Radiation-enhanced structural disorder and hardening in AlCrFeVTi high-entropy amorphous alloy thin films for lead-cooled fast reactors

This study investigates the irradiation tolerance of novel AlCrFeVTi high-entropy alloy (HEA) thin films fabricated using magnetron sputter coater and subjected to low-dose He⁺ ion irradiation at room temperature. The films exhibit a fully amorphous structure and uniform thickness of ∼1400 nm. Helium ion irradiation was performed at fluences varying from 2 × 10¹⁵ to 5 × 10¹⁶ ions/cm² using a 4 MV accelerator. Structural evolution was assessed by XRD, TEM, and SAED, revealing retention of amorphicity across all doses, with local ordering changes analyzed via high-resolution TEM and auto-correlation mapping. Surface morphological changes and progressive roughening, were quantified by SEM and AFM, with RMS roughness increasing from 5.16 nm (as deposited) to 21.0 nm (1.7 dpa).
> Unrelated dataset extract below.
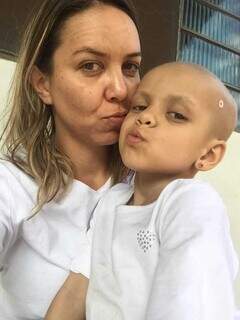 Danielle com a filha Geovanna na época do tratamento de quimioterapia. (Foto: Arquivo pessoal)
Nanoindentation demonstrated irradiation-induced hardening (7.6 → 9.6 GPa) and modulus enhancement (157.7 → 182.2 GPa), consistent with finite element simulations of stress distribution. These results establish a clear structure–property relationship, showing that irradiation-driven local disorder enhances mechanical strength without triggering crystallization or embrittlement. The demonstrated radiation tolerance highlights amorphous AlCrFeVTi films as promising candidates for protective coatings in advanced nuclear energy systems.